Boston Logan International Airport.

Chen Zhi vient de descendre de son jet privé lorsqu'il sort une casquette de baseball noire de sa poche et la plante sur sa tête. Il fouille dans son sac, en tire un masque noir, se couvre entièrement. Il est désormais une célébrité mondiale.

Il y a quatre heures, son visage défilait sur plusieurs écrans géants de Times Square à New York. Le champagne coule probablement encore au Nasdaq, mais le voici — PDG d'une entreprise valorisée à des centaines de milliards de dollars — en train de prendre la poudre d'escampette.

Si des paparazzis surprenaient le fondateur de Deep Space Technology en train de fuir la soirée de célébration pour errer dans les rues de Boston, la une de Wall Street demain se transformerait en un titre ridicule.

Chen Zhi se tourne vers Pei Ningxue, qui marche à ses côtés.

Elle porte encore la jupe de tailleur noire de la cérémonie de la cloche, dégageant une aura de puissance. Elle traverse le couloir de l'aéroport comme un podium, attirant de nombreux regards.

« Présidente Pei, dit Chen Zhi en se décalant d'un demi-pas. Tu devrais peut-être porter un masque, toi aussi ? »

Pei Ningxue ne ralentit pas. Elle lui lance un regard de travers.

« Quoi, tu as peur que je t'embarrasse ? »

« Non, » Chen Zhi la désigne du doigt. « Tu es aussi un visage connu de l'actualité financière maintenant, la directrice financière de Deep Space Technology. Tous les deux ensemble, on est trop voyants. Et si quelqu'un nous reconnaissait ? »

Pei Ningxue s'arrête et laisse échapper un rire glacial.

« Ne t'inquiète pas, je n'ai pas l'intention de marcher avec toi. »

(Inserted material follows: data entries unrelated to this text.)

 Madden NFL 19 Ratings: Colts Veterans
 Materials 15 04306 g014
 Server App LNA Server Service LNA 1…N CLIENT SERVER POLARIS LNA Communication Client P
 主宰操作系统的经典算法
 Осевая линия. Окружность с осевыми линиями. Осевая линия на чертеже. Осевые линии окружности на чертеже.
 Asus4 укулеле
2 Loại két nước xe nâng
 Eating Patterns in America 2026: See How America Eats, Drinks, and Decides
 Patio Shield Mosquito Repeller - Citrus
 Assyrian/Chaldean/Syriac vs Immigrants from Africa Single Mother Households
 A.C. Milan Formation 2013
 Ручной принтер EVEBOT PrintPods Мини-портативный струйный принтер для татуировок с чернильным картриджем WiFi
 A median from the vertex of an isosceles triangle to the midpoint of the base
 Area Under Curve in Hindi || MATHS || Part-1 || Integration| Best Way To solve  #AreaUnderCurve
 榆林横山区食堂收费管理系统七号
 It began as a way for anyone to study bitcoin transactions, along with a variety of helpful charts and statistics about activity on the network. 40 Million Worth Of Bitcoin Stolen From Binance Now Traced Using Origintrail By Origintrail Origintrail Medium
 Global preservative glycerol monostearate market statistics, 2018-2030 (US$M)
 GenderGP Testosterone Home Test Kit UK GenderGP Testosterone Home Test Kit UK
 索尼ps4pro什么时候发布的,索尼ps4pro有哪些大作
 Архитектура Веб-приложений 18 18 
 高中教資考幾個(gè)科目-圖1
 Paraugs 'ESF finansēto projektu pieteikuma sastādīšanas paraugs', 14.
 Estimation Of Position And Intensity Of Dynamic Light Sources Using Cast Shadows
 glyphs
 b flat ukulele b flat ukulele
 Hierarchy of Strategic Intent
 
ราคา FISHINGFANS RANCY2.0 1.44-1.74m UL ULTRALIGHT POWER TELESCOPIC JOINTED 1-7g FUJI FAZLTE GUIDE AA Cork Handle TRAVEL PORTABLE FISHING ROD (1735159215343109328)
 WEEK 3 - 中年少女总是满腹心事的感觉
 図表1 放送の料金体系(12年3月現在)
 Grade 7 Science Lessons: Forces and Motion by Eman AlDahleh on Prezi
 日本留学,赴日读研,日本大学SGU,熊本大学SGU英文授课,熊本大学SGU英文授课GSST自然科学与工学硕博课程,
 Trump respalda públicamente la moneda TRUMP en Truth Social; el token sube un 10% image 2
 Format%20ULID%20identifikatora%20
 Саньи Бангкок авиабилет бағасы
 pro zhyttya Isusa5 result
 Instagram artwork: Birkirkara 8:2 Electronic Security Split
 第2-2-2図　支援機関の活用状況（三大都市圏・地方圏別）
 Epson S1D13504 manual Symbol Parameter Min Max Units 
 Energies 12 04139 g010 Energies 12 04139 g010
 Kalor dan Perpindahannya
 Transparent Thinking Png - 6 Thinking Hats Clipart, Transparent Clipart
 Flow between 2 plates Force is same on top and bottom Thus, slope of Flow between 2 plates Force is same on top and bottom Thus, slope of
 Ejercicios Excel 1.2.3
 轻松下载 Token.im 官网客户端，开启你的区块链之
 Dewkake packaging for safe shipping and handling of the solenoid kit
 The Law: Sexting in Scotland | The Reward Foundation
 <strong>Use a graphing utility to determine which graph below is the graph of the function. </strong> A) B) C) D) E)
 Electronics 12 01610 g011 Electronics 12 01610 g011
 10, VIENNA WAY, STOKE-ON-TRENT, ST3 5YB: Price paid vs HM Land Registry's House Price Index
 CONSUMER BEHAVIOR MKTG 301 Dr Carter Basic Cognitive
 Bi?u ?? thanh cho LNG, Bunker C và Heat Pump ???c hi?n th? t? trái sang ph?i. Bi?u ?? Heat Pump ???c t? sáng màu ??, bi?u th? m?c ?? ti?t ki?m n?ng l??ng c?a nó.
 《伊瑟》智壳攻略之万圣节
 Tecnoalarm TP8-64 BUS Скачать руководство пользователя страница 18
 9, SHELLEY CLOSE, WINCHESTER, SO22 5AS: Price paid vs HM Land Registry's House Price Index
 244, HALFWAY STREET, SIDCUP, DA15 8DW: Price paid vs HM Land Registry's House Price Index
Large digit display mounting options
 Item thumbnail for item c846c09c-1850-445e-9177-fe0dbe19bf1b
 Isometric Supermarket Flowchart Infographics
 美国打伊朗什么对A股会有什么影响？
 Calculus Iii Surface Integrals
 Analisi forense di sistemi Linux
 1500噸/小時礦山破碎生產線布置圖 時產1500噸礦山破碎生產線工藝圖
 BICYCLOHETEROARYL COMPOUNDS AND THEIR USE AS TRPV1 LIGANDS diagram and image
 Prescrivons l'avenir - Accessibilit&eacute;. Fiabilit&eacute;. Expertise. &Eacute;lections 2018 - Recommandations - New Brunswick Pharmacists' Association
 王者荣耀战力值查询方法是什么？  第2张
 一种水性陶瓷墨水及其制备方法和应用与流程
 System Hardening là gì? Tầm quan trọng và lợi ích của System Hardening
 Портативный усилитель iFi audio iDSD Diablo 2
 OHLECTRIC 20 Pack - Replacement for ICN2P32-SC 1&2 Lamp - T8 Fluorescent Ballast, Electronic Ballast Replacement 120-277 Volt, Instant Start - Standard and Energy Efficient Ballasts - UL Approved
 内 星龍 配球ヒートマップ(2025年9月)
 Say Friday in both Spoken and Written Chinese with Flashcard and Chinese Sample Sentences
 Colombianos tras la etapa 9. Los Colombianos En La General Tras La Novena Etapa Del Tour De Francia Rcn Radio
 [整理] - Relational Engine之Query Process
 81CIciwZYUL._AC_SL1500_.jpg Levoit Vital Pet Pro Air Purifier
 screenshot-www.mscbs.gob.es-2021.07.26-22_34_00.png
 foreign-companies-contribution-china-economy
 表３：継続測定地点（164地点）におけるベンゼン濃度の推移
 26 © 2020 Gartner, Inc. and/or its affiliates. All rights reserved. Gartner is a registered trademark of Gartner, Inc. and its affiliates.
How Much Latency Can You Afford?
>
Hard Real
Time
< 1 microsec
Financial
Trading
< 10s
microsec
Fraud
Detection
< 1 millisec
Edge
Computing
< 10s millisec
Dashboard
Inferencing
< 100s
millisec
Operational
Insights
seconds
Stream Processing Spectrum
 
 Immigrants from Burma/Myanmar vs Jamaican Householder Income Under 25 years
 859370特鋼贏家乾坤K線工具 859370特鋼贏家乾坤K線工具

Elle lève le poignet pour jeter un coup d'œil à sa Patek Philippe.

« J'ai mon propre emploi du temps à Boston. Demain matin, je rencontre quelques professeurs pour discuter de partenariats université-industrie. »

Pei Ningxue rejette ses longs cheveux derrière ses épaules, ton neutre.

« Quant à toi, va voir ton amour de jeunesse. Je n'ai aucun intérêt à faire de la figuration. »

Chen Zhi la regarde, tout en professionnalisme, mais il sait exactement ce qui se passe dans sa tête.

Elle est juste têtue. Toute en paroles, pas en actes.

Si elle avait vraiment besoin de discuter partenariats, pourquoi ne pas le faire à un autre moment ? Pourquoi traverser le pays dans son jet privé overnight ?

Mais il ne la relève pas sur le champ. Il lève la main, solennel.

« Présidente Pei, tu sais que mes sentiments pour toi n'ont jamais changé. »

Pei Ningxue le fixe pendant trois secondes.

« Hmph. »

Sur ces deux mots, elle fait demi-tour et file droit vers la zone de dépose VIP de l'aéroport.

Un Cadillac SUV noir est garé au bord du trottoir. Pei Ningxue ouvre la porte et s'y glisse avec une grâce déconcertante.

La vitre descend, et elle regarde Chen Zhi, toujours emmitouflé, debout sur le trottoir.

« Chen Zhi. »

Il se penche vers la vitre.

« Demain 17 h, le jet privé repart pour New York. Si tu es en retard, j'annonce ta démission sur-le-champ. »

Sur ces mots, la vitre remonte, et le Cadillac s'insère dans la circulation sur une pression d'accélérateur.

Chen Zhi reste là, se frotte le nez.

« Son caractère empire de jour en jour. »

Il sort son téléphone et vérifie la position que Su Man lui a envoyée.

Berklee College of Music.

Chen Zhi héla un taxi et donne l'adresse au chauffeur.

Une demi-heure plus tard, il se tient près du campus de Berklee. Le quartier fourmille de jeunes gens portant des instruments, habillés dans des styles éclectiques ; des accords de guitare épars s'échappent d'un café au coin de la rue.

Chen Zhi ajuste la visière de sa casquette, flâne le long de la rue.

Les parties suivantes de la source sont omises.